The solution is to redefine the term “traditional” relationship. While customers may not want to walk into a branch to deposit a check, they still want information and advice. Just because a millennial does not want to deposit a check in person does not mean that he or she will not need to sit with a representative for guidance when applying for their first home loan. Using customer segmentation and understanding where there are opportunities to build relationships provides an opportunity to overcome the imminent threat of technology.

If information and advice are the keys to building relationships, it becomes imperative that bank employees are fully trained and knowledgeable.
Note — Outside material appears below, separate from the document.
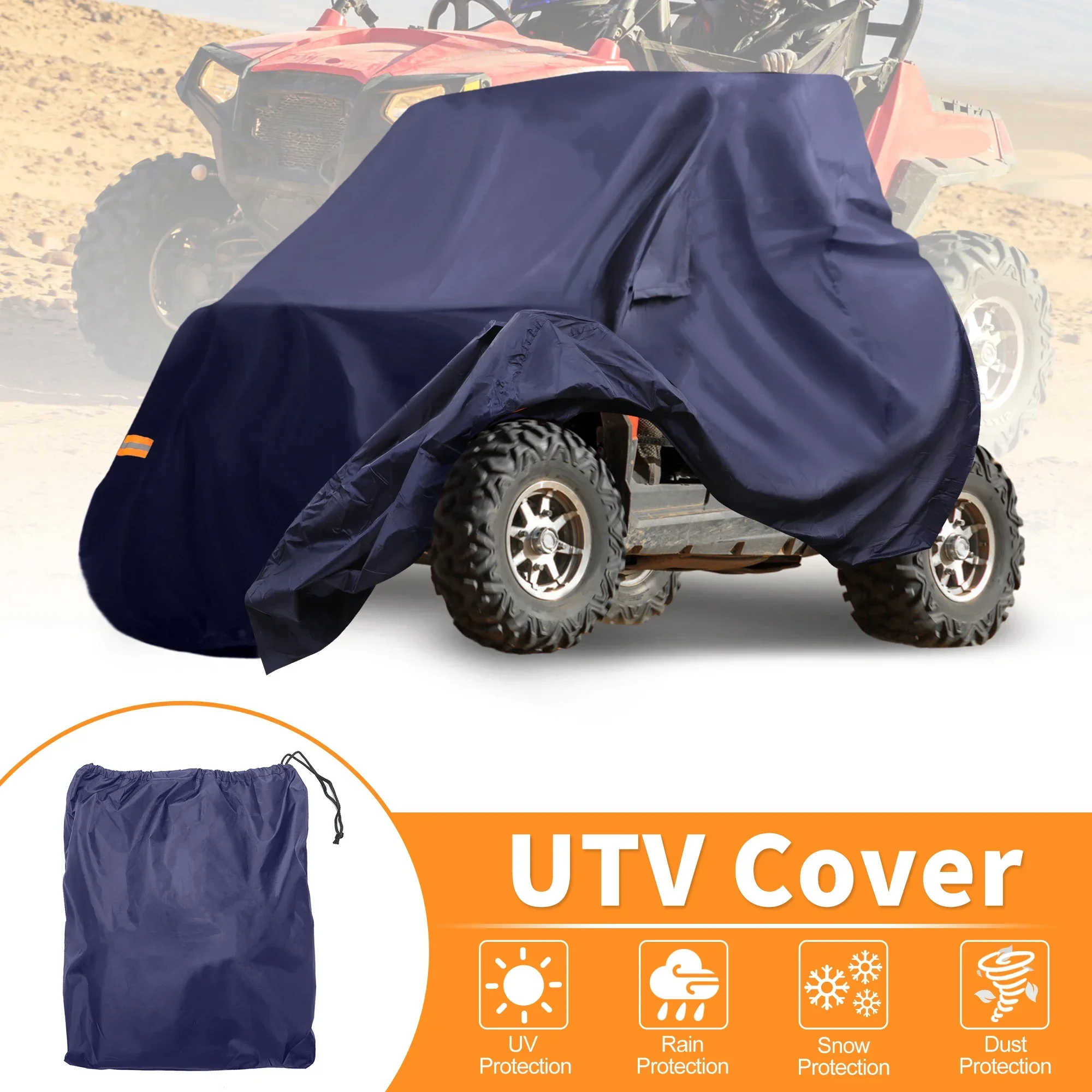 

Чехол UTV для Polaris RZR Pro XP, водонепроницаемый боковой чехол, уличная защита от солнца и дождя 210D-PU 220*98*106 см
It is crucial that community banks spend time hiring the right people for the right position and then train and promote from within. Employees must fully understand, represent and communicate a brand. That brand must be clearly defined by executive management and communicated down the chain of command. It is incumbent upon the leaders of the organization to first set an example and then ask their employees to follow suit. Some of the most successful community bank CEOs can recognize their customers by name when they walk into a branch. These are not the biggest clients of the bank, but they are probably the most loyal because of the quality of the relationship.

The focus needs to switch from products and transactions towards specific relationships with specific customer segments. Customer-centric banking strategies will improve the chances of survival for community banks. Those that are not able to adapt will be eclipsed by the recent revival of de novos or will be acquired by institutions that are embracing this customer-centric approach. A customer-centric approach is critical to drive value whether pursuing organic growth or M&A. For banks evaluating an acquisition, there are additional considerations that need to be addressed prior to entering into a transaction, in order to safeguard the customer relationships that the bank has built and ensure that the deal enhances the bank’s brand and business model, while also building value.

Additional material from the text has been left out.